1435: Sighisoara, Transylvania
VLAD DRACUL’S HEAVY BROW descended like a storm when the doctor informed him that his wife had given birth to a girl. His other children—one from his first wife, now nearly full grown, and even a bastard child from his mistress, born last year—had been boys. He had not thought his seed weak enough to produce a girl.
He pushed through the door, into the close, heavy air of the tiny bedroom. It stank of blood and fear and filled him with disgust.
Their home in the fortified hill city of Sighisoara was a far cry from what he deserved. It sat next to the main gate, in the suffocating press of the square, beside an alley that reeked of human waste. His retainer of ten men was merely ceremonial, rendering him a glorified placeholder. He might have been the military governor of Transylvania, but he was supposed to be the ruler of all Wallachia.
Perhaps that was why he had been cursed with a girl. Another insult to his honor. He was in the Order of the Dragon, sanctioned by the pope himself. He should be the vaivode, the warlord prince, but his brother sat on the throne, while he was governor of Saxons squatting on his own country’s land.
Soon he would show them his honor on the end of a sword.
Vasilissa lay on the bed, soaked in sweat and moaning in pain. Certainly the weakness that took root in her womb had been her own. His stomach turned at the sight of her, princess now in neither demeanor nor appearance.
The nurse held up a squalling, red-faced little monster.
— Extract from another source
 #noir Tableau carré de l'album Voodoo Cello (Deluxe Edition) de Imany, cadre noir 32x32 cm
He had no names for a girl. Vasilissa would doubtless want something that honored her family, but Vlad hated the Moldavian royals she came from for failing to bring him any political advantage. He had already named his bastard Vlad, after himself. He would name his daughter the same.
“Ladislav,” he declared. It was a feminine form of Vlad. Diminutive. Diminished. If Vasilissa wanted a strong name, she would have to bear him a son. “Let us pray she is beautiful so we can get some use out of her,” he said. The infant screamed louder.
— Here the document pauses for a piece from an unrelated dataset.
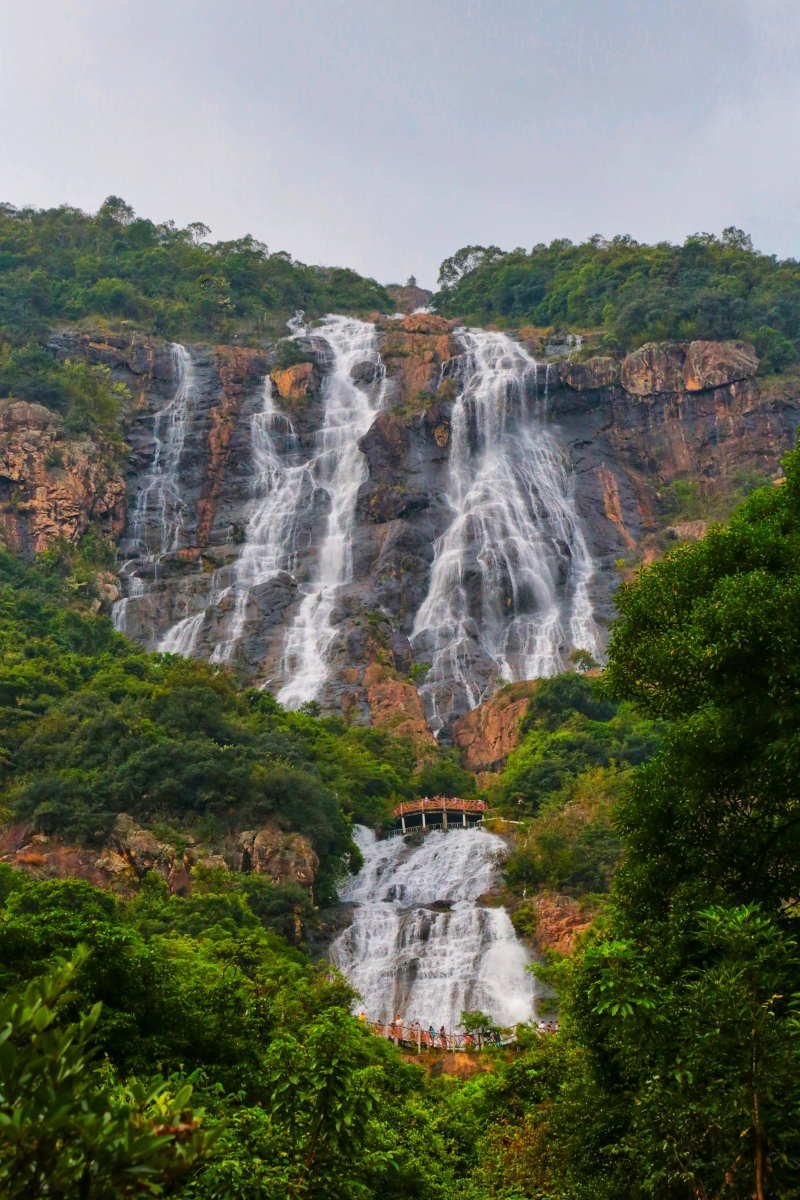 周末去哪儿爬天南第一梯赏全国落差最大瀑布就在增城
Vasilissa’s royal breasts were far too important to suckle from. The wet nurse waited until Vlad left, then held the babe to her common teats. She was still full of milk from her own child, a boy. As the baby latched on with surprising fierceness, the nurse offered her own prayer. Let her be strong. Let her be sly. She looked over at the princess, fifteen, lovely and delicate as the first spring blossoms. Wilted and broken on the bed.
And let her be ugly.
VLAD COULD NOT BE bothered to be present for the birth of his second child by Vasilissa: a son, a year younger than his sister, practically chasing her into this world.
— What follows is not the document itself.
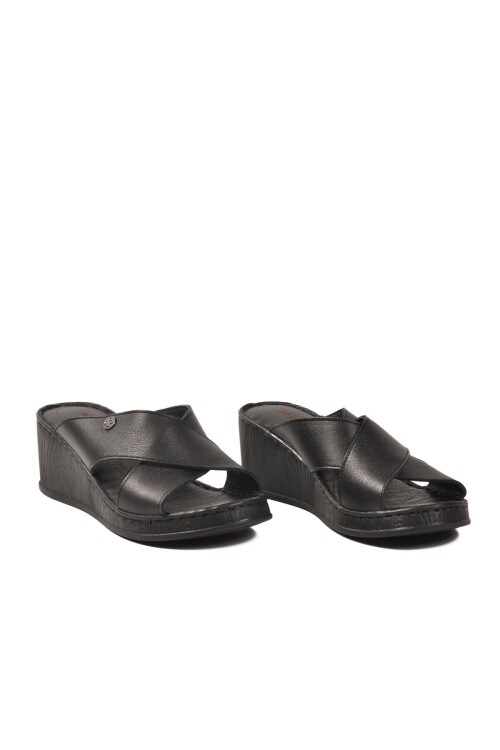 Siyah Hafif Kadın Terlik PC-54801 Z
The nurse finished cleaning the newborn, then held him out to his mother. He was tiny, perfect, with a mouth like a rosebud and a full head of dark hair. Vasilissa lay, glassy-eyed and mute, on the bed. She stared at the wall. Her gaze never even drifted to her son. A tug on the nurse’s skirt brought her attention downward, where tiny Lada stood, scowling. The nurse angled the baby toward his sister.
“A brother,” she said, her voice soft.
The baby started to cry, a weak, garbled sound that worried the nurse. Lada’s scowl deepened. She slapped a dimpled hand over his mouth. The nurse pulled him away quickly, and Lada looked up, face contorted in rage.
“Mine!” she shouted.
It was her first word.
The nurse laughed, shocked, and lowered the baby once more. Lada glared at him until he stopped crying. Then, apparently satisfied, she toddled out of the room.
IF VASILISSA SAW HER daughter wrestling on the floor with the dogs and the nurse’s son, Bogdan, the nurse would lose her position. However, since the birth of Radu four years ago, Vasilissa never left her rooms.
Radu had gotten all the beauty their father had wished on his daughter. His eyes were framed by thick lashes, his lips full, his gentle curls kissed with a hint of Saxon gold.
Bogdan screamed as Lada—Ladislav, now five, refused to answer to her full name—bit down on his thigh. He punched her. She bit harder, and he cried for help.
“If she wants to eat your leg, she is allowed,” the nurse said. “Quit screaming or I will let her eat your supper, too.”
Like her brother, Lada had big eyes, but hers were close-set, with arched brows that made her look perpetually cross. Her hair was a tangled mass, so dark that her pale skin appeared sickly. Her nose was long and hooked, her lips thin, her teeth small and—judging from Bogdan’s angry cries—quite sharp.
She was contrary and vicious and the meanest child the nurse had ever cared for. She was also the nurse’s favorite. By all rights the girl should be silent and proper, fearful and simpering. Her father was a powerless tyrant, cruel in his impotence and absent for months at a time. Her mother was every bit as absent, withdrawn and worthless in their home, incapable of doing anything to help herself. They were an apt representation of the entire region—particularly the nurse’s homeland of Wallachia.